[Start of Attachment]

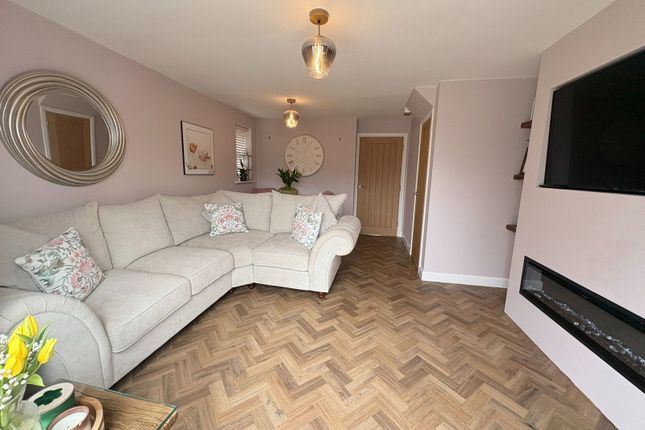 24, Thorn Tree Drive, Thornton photo 2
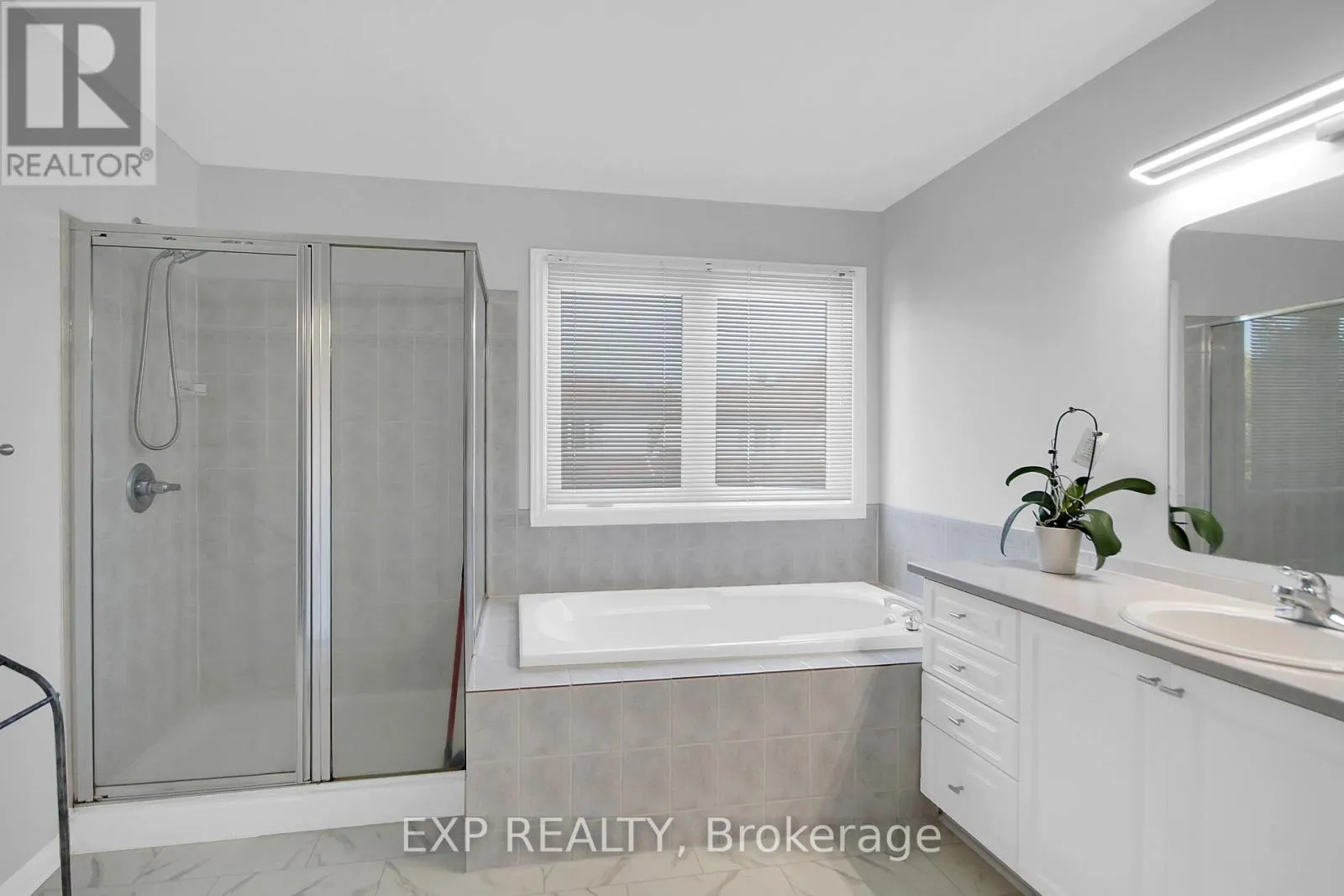 39 GREATWOOD CRESCENT
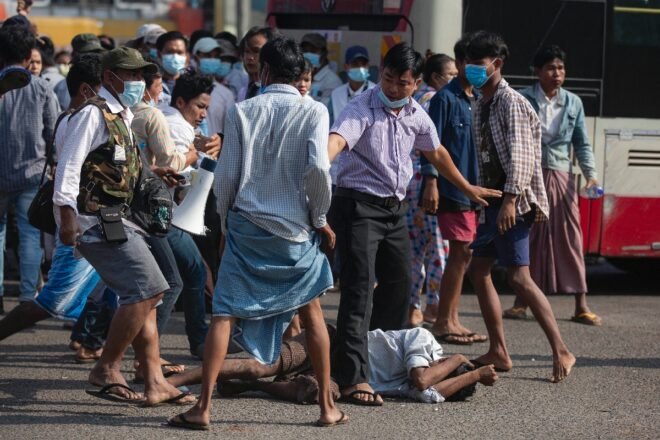 La violencia se dispara en Rangún y Facebook cierra las cuentas vinculadas al ejército birmano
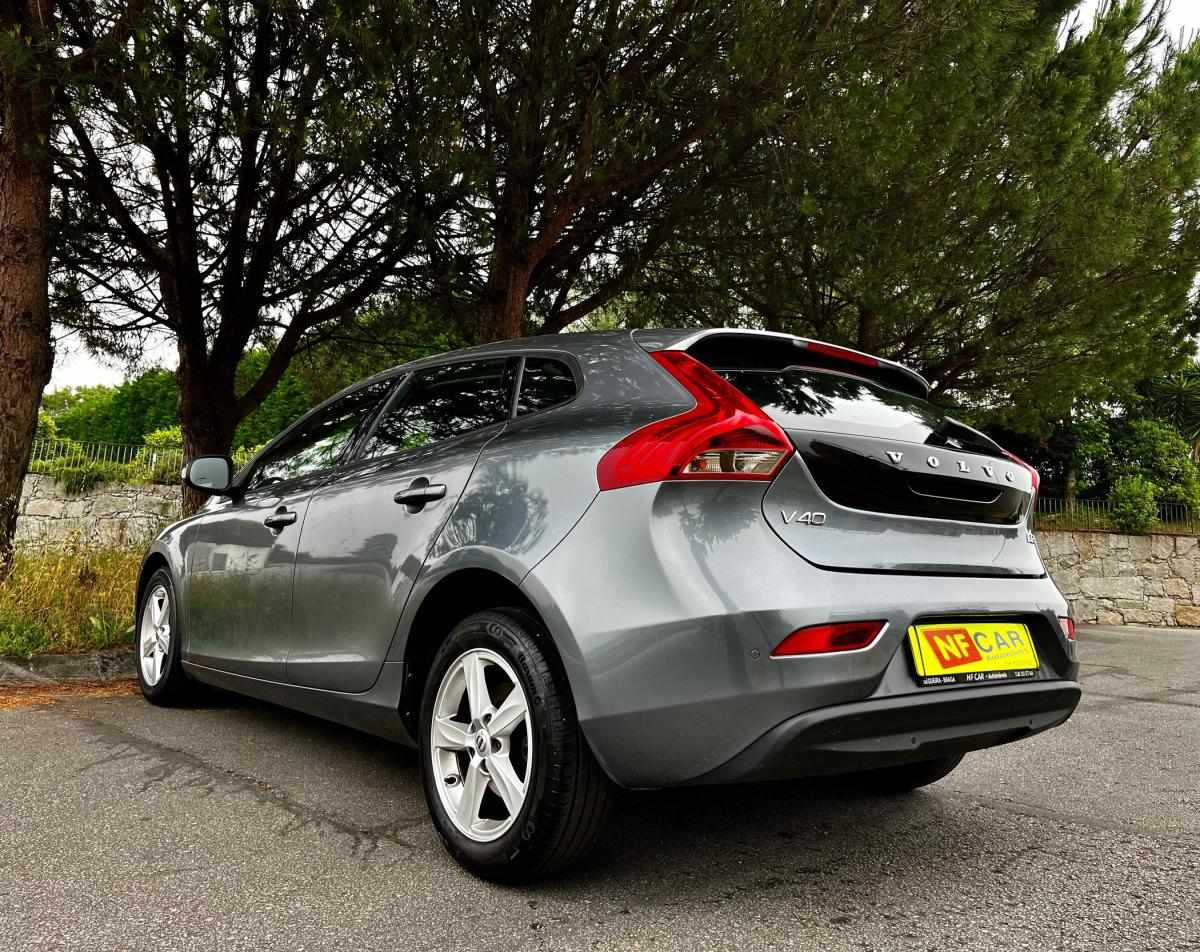 volvo-v40-2016-diesel-1969cc
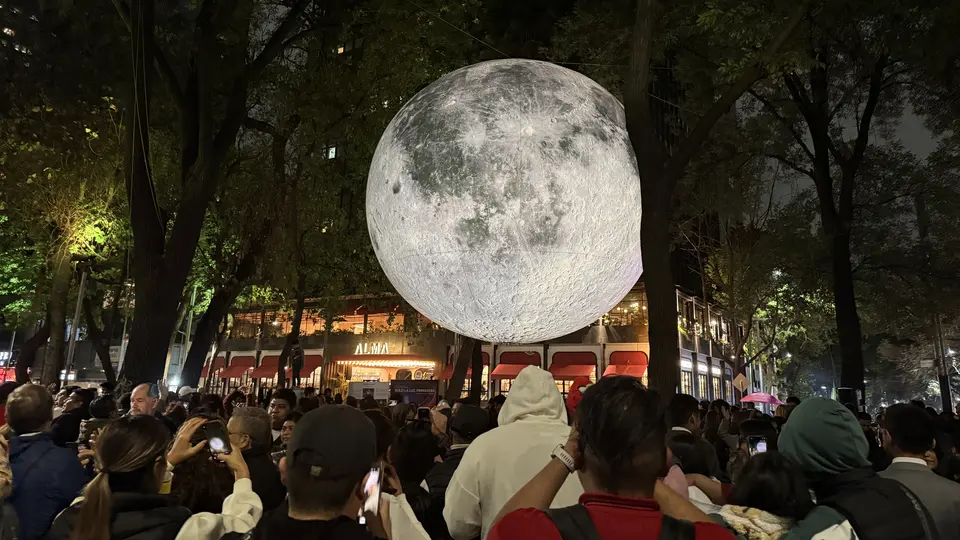 La luna "flotante" es una de las principales atracciones.  / Georgina Sánchez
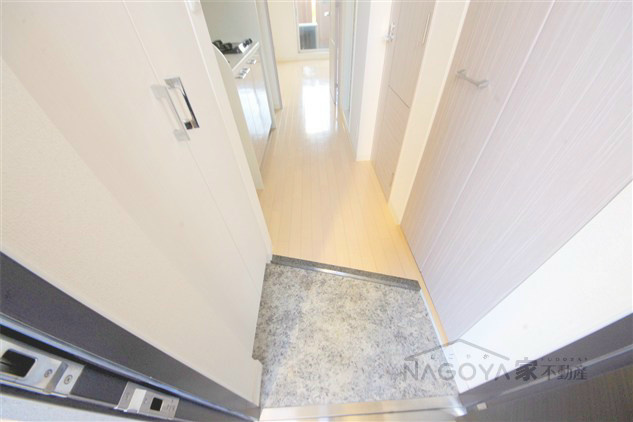 プレサンス名古屋城前ラバンカ 玄関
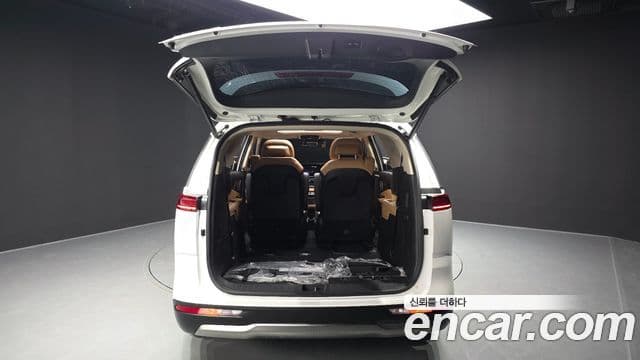 Kia Carnival 2022 — Фото 20/20
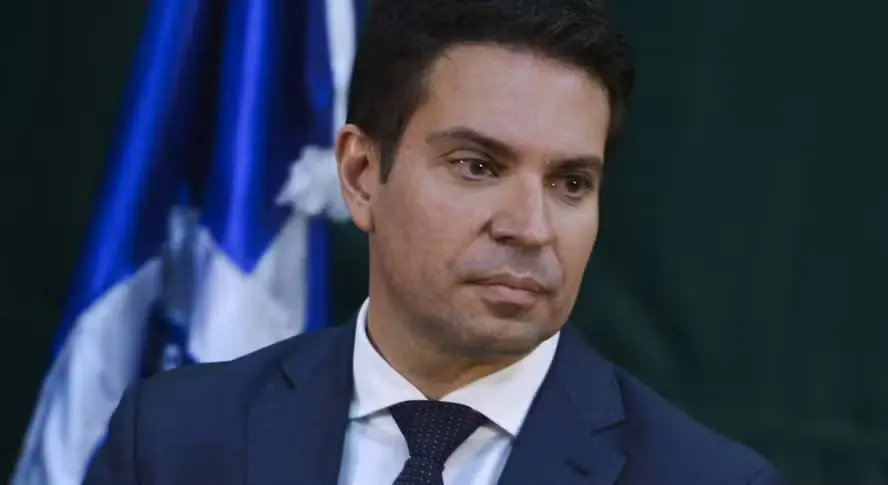 Bolsonaro's Man Steps into the Mayoral Race for Rio de Janeiro. (Photo Internet reproduction)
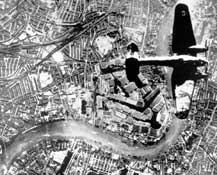 «Хейнкель-111» над Лондоном.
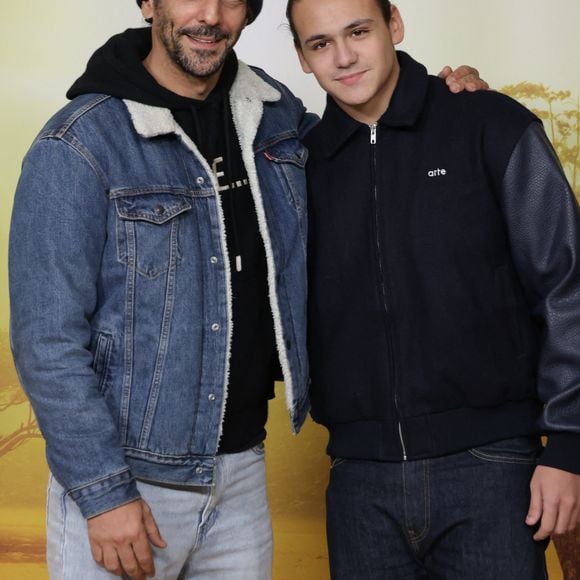 Tomer Sisley avec Dino, le fils de sa femme Sandra Sisley - Première du film Disney "Mufasa, Le Roi lion" au cinéma Pathé Palace à Paris le 12 décembre 2024. © Coadic Guirec/Bestimage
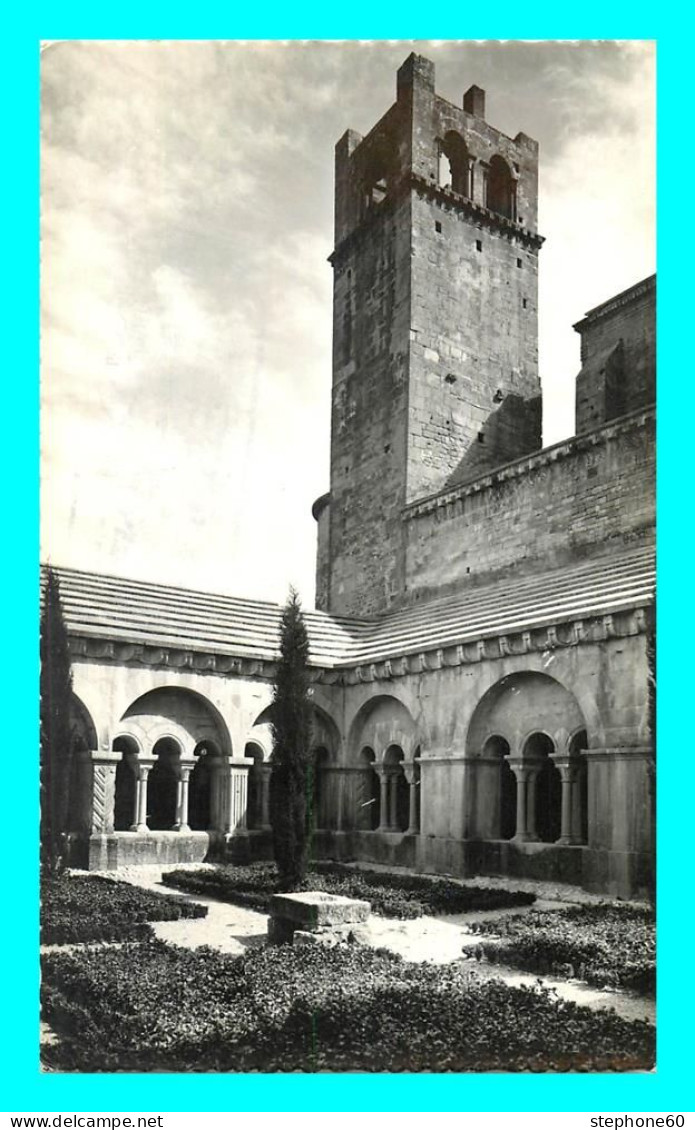 A821 / 641 84 - VAISON LA ROMAINE Cloitre Et Clocher De La Cathédrale - Vaison La Romaine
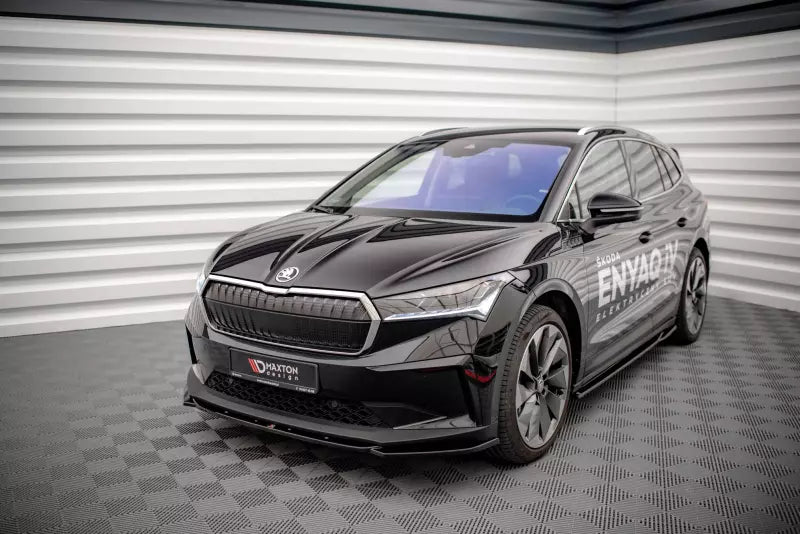 Maxton Design Frontlippe V.3 für Skoda Enyaq iV Hochglanz schwarz – Ansicht 1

[End of Attachment]

* Brief *
All entries need to be duplicated exactly, apart from the images.

* Written reply *
 24, Thorn Tree Drive, Thornton photo 2
 39 GREATWOOD CRESCENT
 La violencia se dispara en Rangún y Facebook cierra las cuentas vinculadas al ejército birmano
 volvo-v40-2016-diesel-1969cc
 La luna "flotante" es una de las principales atracciones.  / Georgina Sánchez
 プレサンス名古屋城前ラバンカ 玄関
 Kia Carnival 2022 — Фото 20/20
 Bolsonaro's Man Steps into the Mayoral Race for Rio de Janeiro. (Photo Internet reproduction)
 «Хейнкель-111» над Лондоном.
 Tomer Sisley avec Dino, le fils de sa femme Sandra Sisley - Première du film Disney "Mufasa, Le Roi lion" au cinéma Pathé Palace à Paris le 12 décembre 2024. © Coadic Guirec/Bestimage
 A821 / 641 84 - VAISON LA ROMAINE Cloitre Et Clocher De La Cathédrale - Vaison La Romaine
 Maxton Design Frontlippe V.3 für Skoda Enyaq iV Hochglanz schwarz – Ansicht 1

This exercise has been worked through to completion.